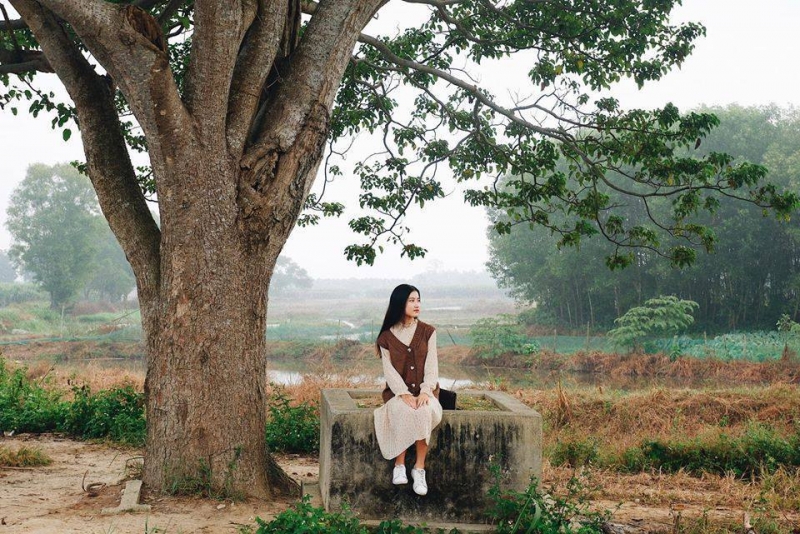 Cây ngô đồng cô đơn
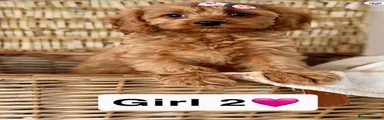 Cavapoo 4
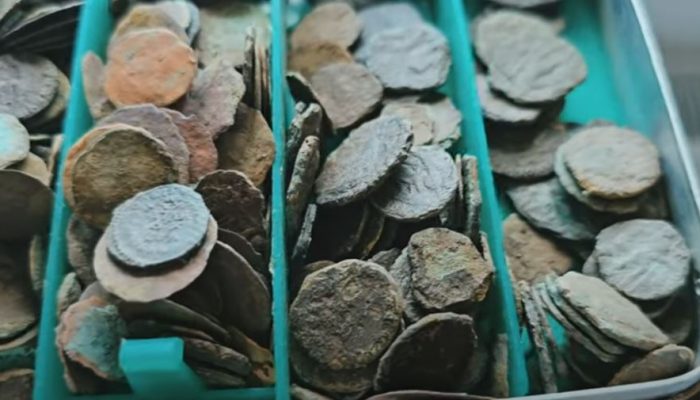 Zaljubljenik u prošlost iz Kalesije pronašao 300 drevnih rimskih novčića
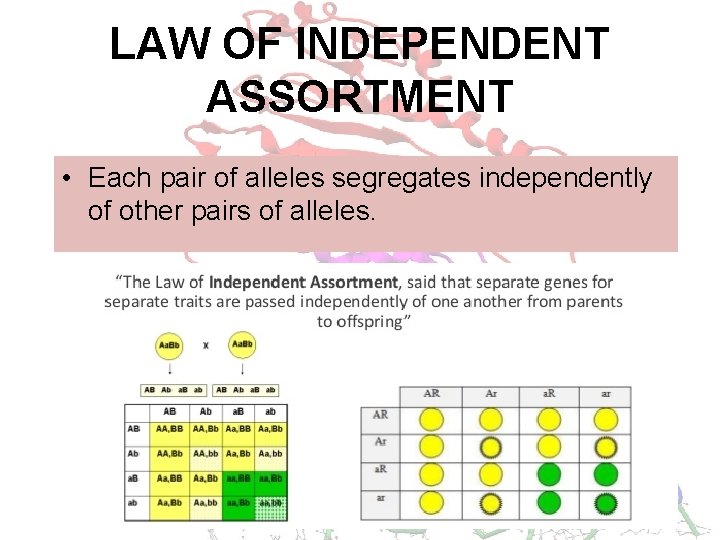 LAW OF INDEPENDENT ASSORTMENT • Each pair of alleles segregates independently of other pairs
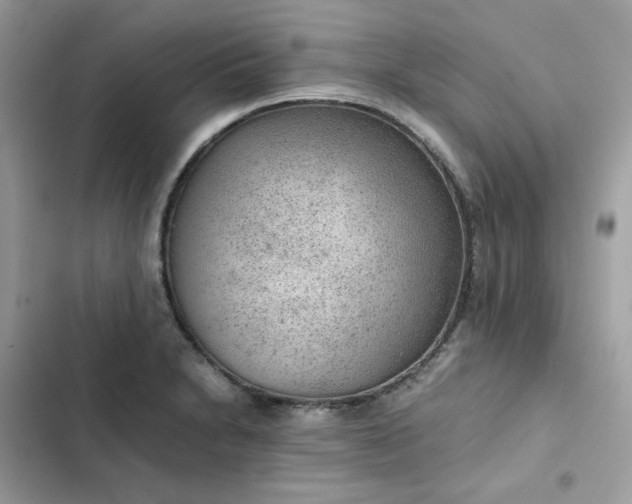 X0000102381230200808151850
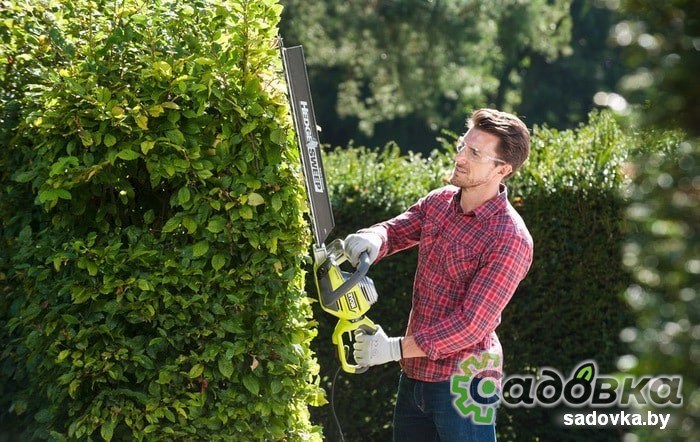 Кусторез RYOBI RHT8165RL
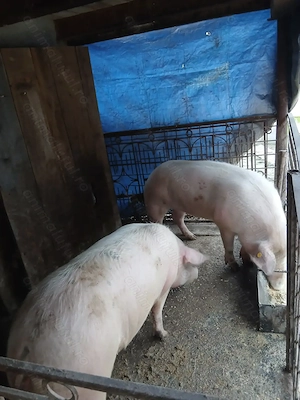 Vând porci de carne cu greutate între 150sau170kg - imagine 3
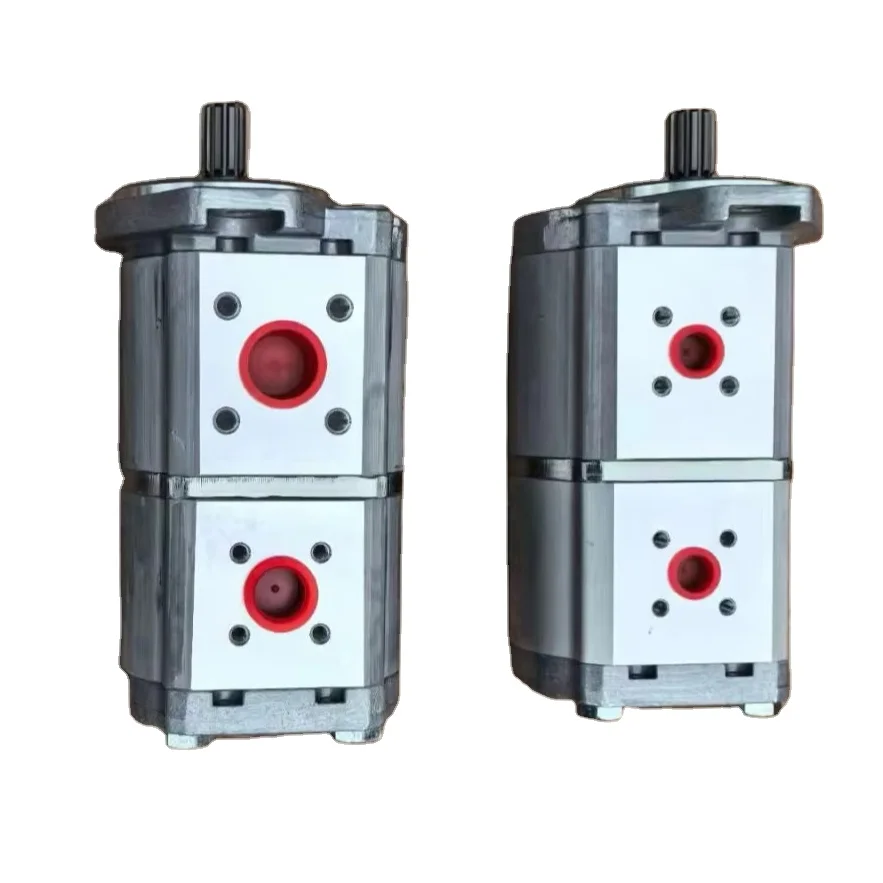 Paving machine construction machinery parts 2183429 dual gear pump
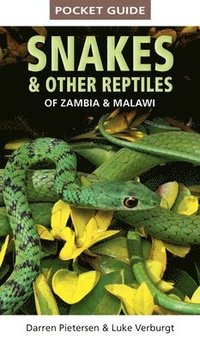 bokomslag Pocket Guide to Snakes & Other Reptiles of Zambia and Malawi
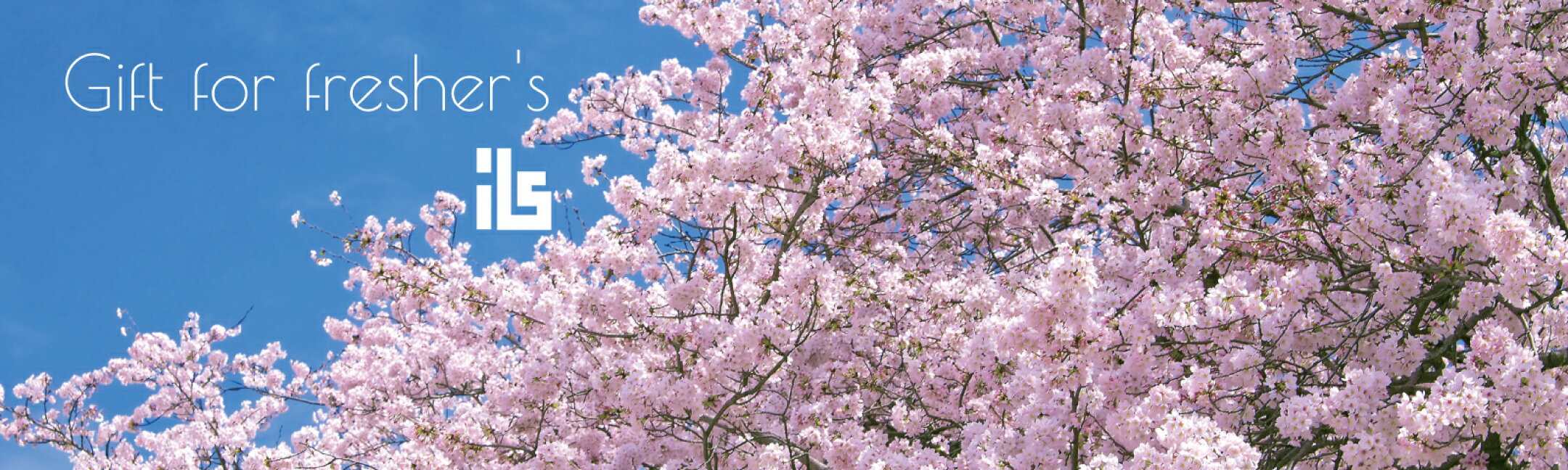 フレッシャーズ【fresher's】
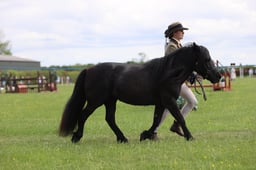 J36_7410 2026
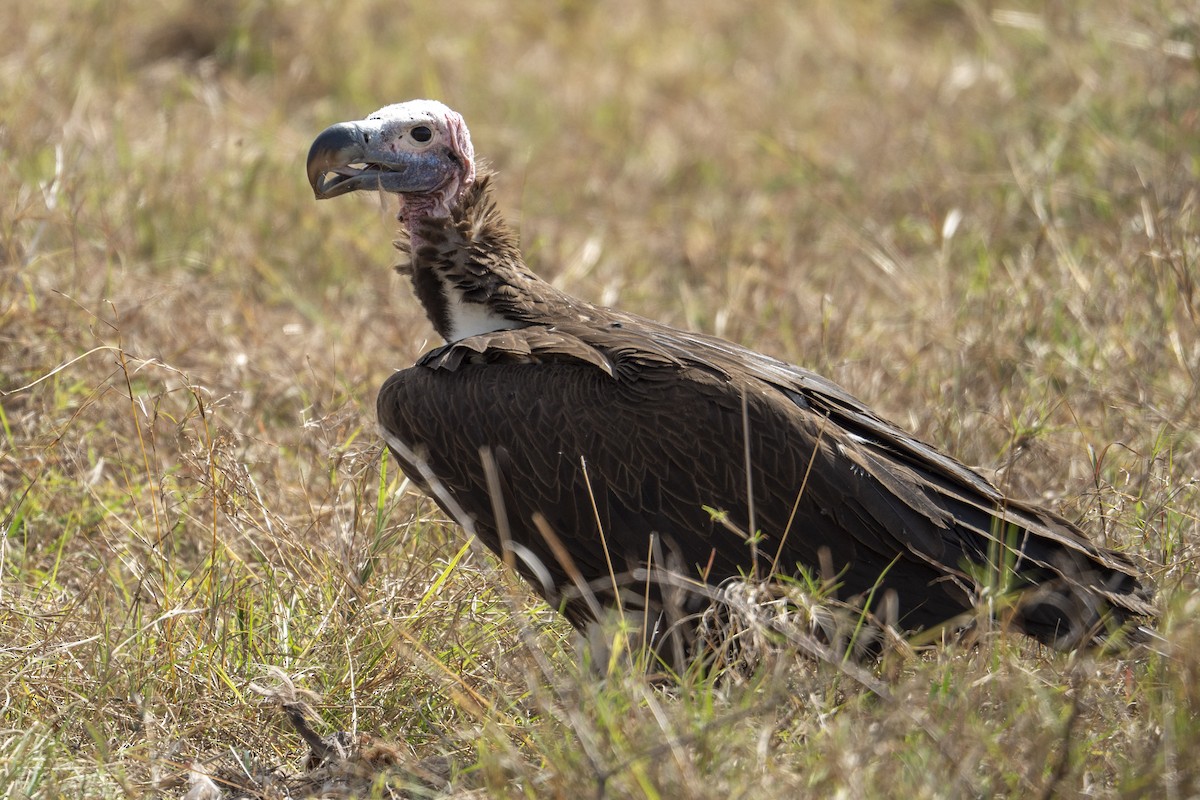 Lappet-faced Vulture - ML623185875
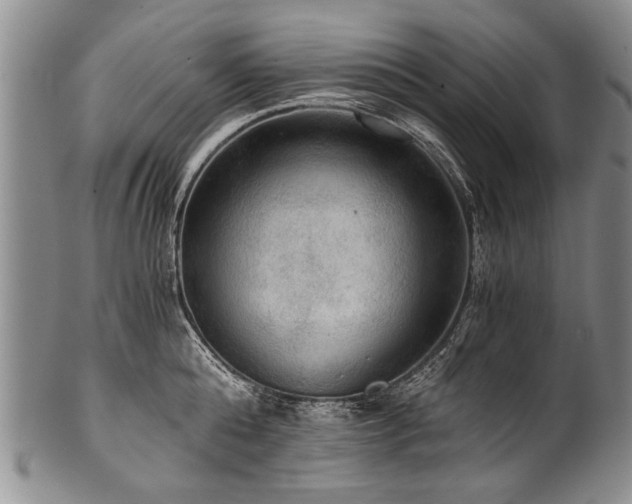 X0000101120808200806261435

WHAT IS REQUIRED –
The expected output is an exact copy of the lines from the one holding "Lappet-faced Vulture - ML623185875" through the last line of the listing above, with the pictures omitted.

ANSWER FOR THE TASK –
 Lappet-faced Vulture - ML623185875
 X0000101120808200806261435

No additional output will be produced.